Bridgestone outlines global manufacturing plans

Feb. 24, 2005

Bridgestone Corp. says it will broaden its ongoing capital spending program in global tire manufacturing. It also admitted it is looking at building new plants as part of that goal.

According to Bridgestone spokesman Shinichi "Shin" Kobori, the company has not determined a specific place in which to build a new plant.

"Our decisions on where to build plants are based on many criteria, but two significant items that we consider are the ability to produce a high quality product in the environment and the new plant's predicted cost structure. To be competitive in a global economy, we need to ensure that our products provide the highest quality and value to our customers.

"That said, we are always evaluating the competitive structure of all the places we do business, so I cannot rule out a new plant in the United States or Canada if we were able to ensure that the facility would be competitive on a global scale."

The company recently outlined its global tire manufacturing plans. It is realigning and expanding its production resources in response to the overall growth in global tire demand and to the changing composition of demand. Bridgestone said its newly broadened capital spending program provides for aggregate investment of some 227 billion yen ($2.1 billion based on the current exchange rate) over the five years from 2003 through 2007.

Because global tire demand is growing and evolving, Bridgestone's management policy centers on "pursuing strategic growth with a focus on quality by responding effectively to ever-changing market trends."

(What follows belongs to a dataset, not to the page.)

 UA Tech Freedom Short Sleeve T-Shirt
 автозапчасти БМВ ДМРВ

That is why the Bridgestone Group is realigning and expanding its tire production network. The group's primary objectives are to:

* deploy production resources to serve the shift in demand for passenger car tires in industrialized markets toward high-performance tires and tires of large rim sizes.

* expand production capacity to serve the growth in global demand for passenger car tires, especially in emerging markets.

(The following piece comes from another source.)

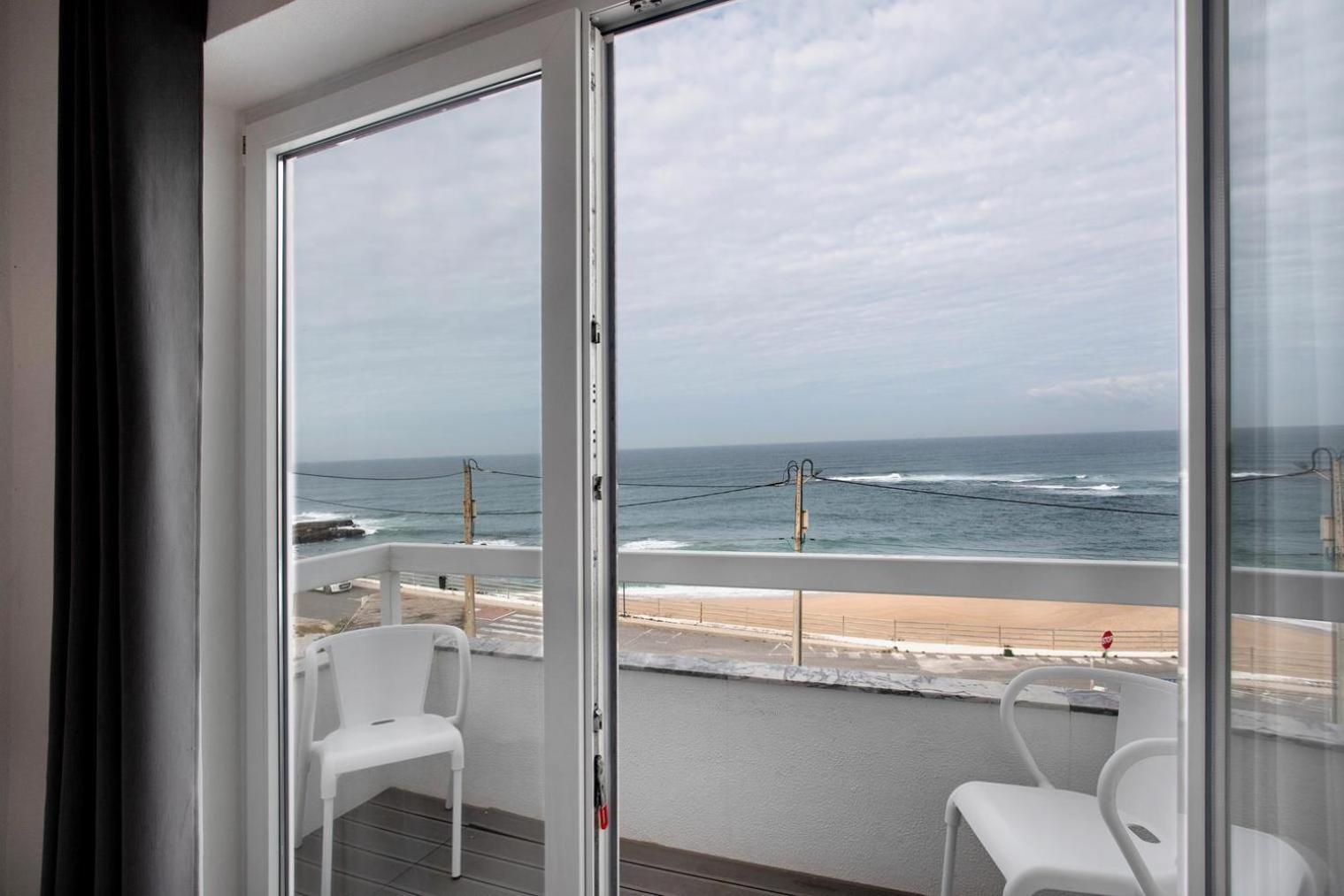Beach Residence Mar Do Norte Ribamar  Eksteriør bilde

* expand production capacity to serve the growth in global demand for truck and bus tires.

* acquire and foster expanded capabilities in producing raw materials for tires to respond to increasing tire production capacity.

Bridgestone says it will invest 88 billion yen to address the shift in demand toward high performance tires and "tires of large rim sizes." Investment projects include deploying the revolutionary BIRD production system.

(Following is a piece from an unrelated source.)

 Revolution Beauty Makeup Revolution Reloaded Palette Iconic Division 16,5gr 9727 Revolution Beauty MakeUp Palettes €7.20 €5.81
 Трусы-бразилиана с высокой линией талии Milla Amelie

The first mass-production BIRD installation went into operation earlier this year at the Hikone, Japan, plant. Bridgestone will install the first BIRD system outside Japan at a plant it will build in Monterrey, Mexico; that plant will supply high performance tires and tires of large rim sizes mainly to the North American market.

Bridgestone's Poznan, Poland, facility began producing run-flat tires at the end of 2004. It is the first Bridgestone plant outside Japan to produce run-flat tires. The company also recently announced it will produce run-flat tires at its Brits, South Africa, plant.

Bridgestone's moves to serve the growing demand for passenger car tires in emerging markets include opening a third Chinese tire plant in Wuxi in July 2004, and deciding to build a second Brazilian tire plant. Bridgestone also is expanding plants in Asia and Latin America.

Bridgestone is investing about 49 billion yen in expanding production capacity to serve emerging markets with passenger car tires, and about 50 billion yen in expanding production capacity for truck, bus and construction equipment tires. It began producing truck and bus tires recently at a newly constructed plant in Chonburi, Thailand, and is expanding production capacity for truck and bus tires at the Shenyang, China, plant and other plants around the world.

Investment by Bridgestone in projects for producing raw materials for tires will total about 40 billion yen. The company has built a carbon black plant in Thailand and a steel cord plant in China, and it is expanding production capacity for raw materials at plants in Japan, in other Asian regions and in the United States. Last year, Bridgestone agreed to purchase a rubber estate in Sumatra, Indonesia, from Goodyear Tire & Rubber Co.

As part of its announcement, management re-emphasized its determination "to build a globally optimized production network through strategic investment based on a sound reading of market trends."